Step 1: Create an Incident
- Open the Command Center from the left sidebar
- Click New Incident in the top-right corner
- Fill in the incident details:
- Title: “High CPU usage on production API server”
- Severity: P2 — High
- Category: Performance
- Affected Service: Select a service from your CMDB, or type a name
- Click Create Incident
The incident is assigned an ID (e.g., INC-00042) and appears in the Active Incidents list.
Step 2: Add Evidence
Evidence gives the AI engine context to perform accurate root cause analysis. Click into your incident, then:
- Click Add Evidence in the Evidence panel
- Choose one or more evidence types:
- Metrics — Attach a time-range snapshot (e.g., CPU metrics for the last 2 hours)
- Logs — Attach a log query result (e.g., error logs from the affected host)
- Alerts — Link correlated alerts that fired around the same time
- Topology — Attach the service dependency graph for the affected service
- Click Attach for each piece of evidence
The more evidence you provide, the more accurate the RCA will be. AtlasAI can also auto-collect evidence if Edge Agents are installed on the affected hosts.

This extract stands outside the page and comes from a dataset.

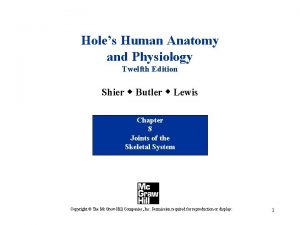 Holes Human Anatomy and Physiology Twelfth Edition Shier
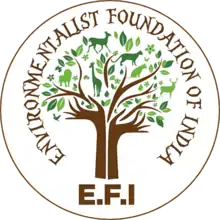 E.F.I Logo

Step 3: Run Root Cause Analysis
With evidence attached, you are ready to run RCA:
- Click Run RCA in the incident toolbar
- AtlasAI’s reasoning engine will:
- Analyze all attached evidence
- Cross-reference with historical incidents via RAG
- Walk the service topology to identify upstream/downstream impact
- Generate a ranked list of probable root causes
- Results typically appear within 15–45 seconds
The RCA panel displays:
- Root Cause Hypothesis — The most likely cause with a confidence score
- Evidence Chain — How the AI arrived at the conclusion, with links to specific data points
- Related Incidents — Historical incidents with similar patterns
- Impact Analysis — Upstream and downstream services affected
![]()
Capture from: Tenant Plane → Incidents → open incident → Run RCA. Add as public/img/rca-result.png.

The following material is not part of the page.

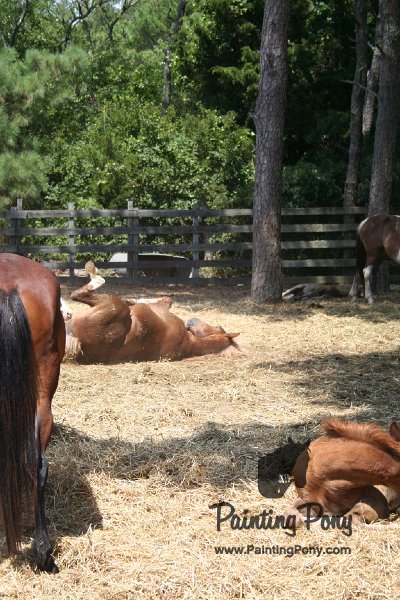ponypenning_072710_004.JPG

Step 4: Generate a Runbook
Once you have a root cause hypothesis, AtlasAI can generate an automated remediation runbook:
- Click Generate Runbook below the RCA result
- Review the proposed steps — each step shows:
- Action — What will be executed (e.g., restart a service, scale a deployment)
- Target — Which host or service the action targets
- Risk Level — Low / Medium / High
- Reversible — Whether the action can be rolled back
- Edit any steps if needed — you can add, remove, or reorder steps
The generated runbook is saved to your Runbook Library for future use.

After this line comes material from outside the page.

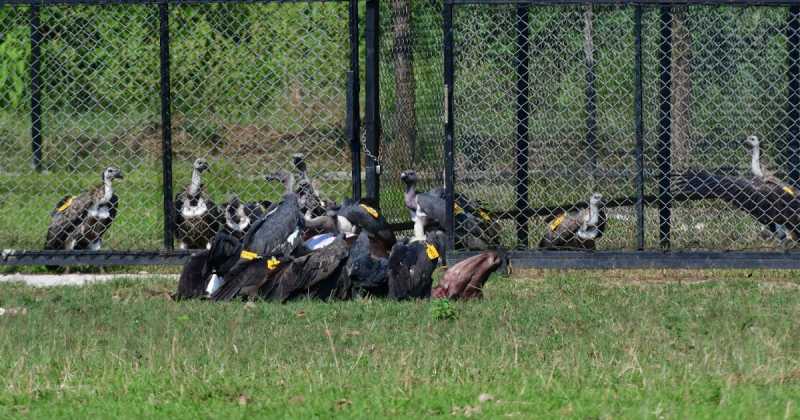 First Release Of Captive-bred* Vultures In Asia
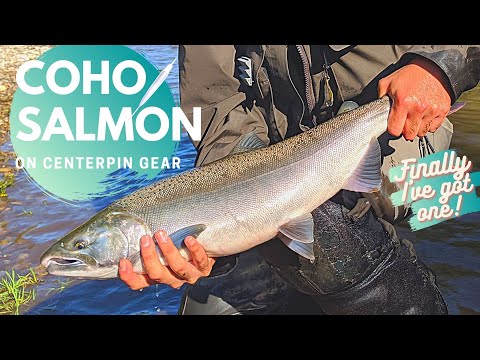 Video: Kalori Salmon Coho, Vetitë E Dobishme Dhe Përgatitja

Step 5: Review the Trust Decision
AtlasAI uses a progressive autonomy model (L0–L5) to determine how much authority the AI has:
| Level | Name | Behavior |
|---|---|---|
| L0 | Inform | AI reports findings, human does everything |
| L1 | Suggest | AI suggests actions, human approves each step |
| L2 | Act & Report | AI executes low-risk actions, reports results |
| L3 | Act & Alert | AI executes most actions, alerts on high-risk ones |
| L4 | Full Auto | AI handles incident end-to-end, human reviews after |
| L5 | Closed Loop | AI resolves and closes without human intervention |
For your first incident, the system defaults to L1 (Suggest). You will see each proposed action with an Approve or Reject button. Click Approve on a step to execute it, or Approve All to run the entire runbook.
Step 6: Resolve the Incident
After the runbook executes successfully:
- Verify the issue is resolved by checking metrics and logs
- Click Resolve on the incident
- Add a resolution summary (the AI pre-fills one based on the actions taken)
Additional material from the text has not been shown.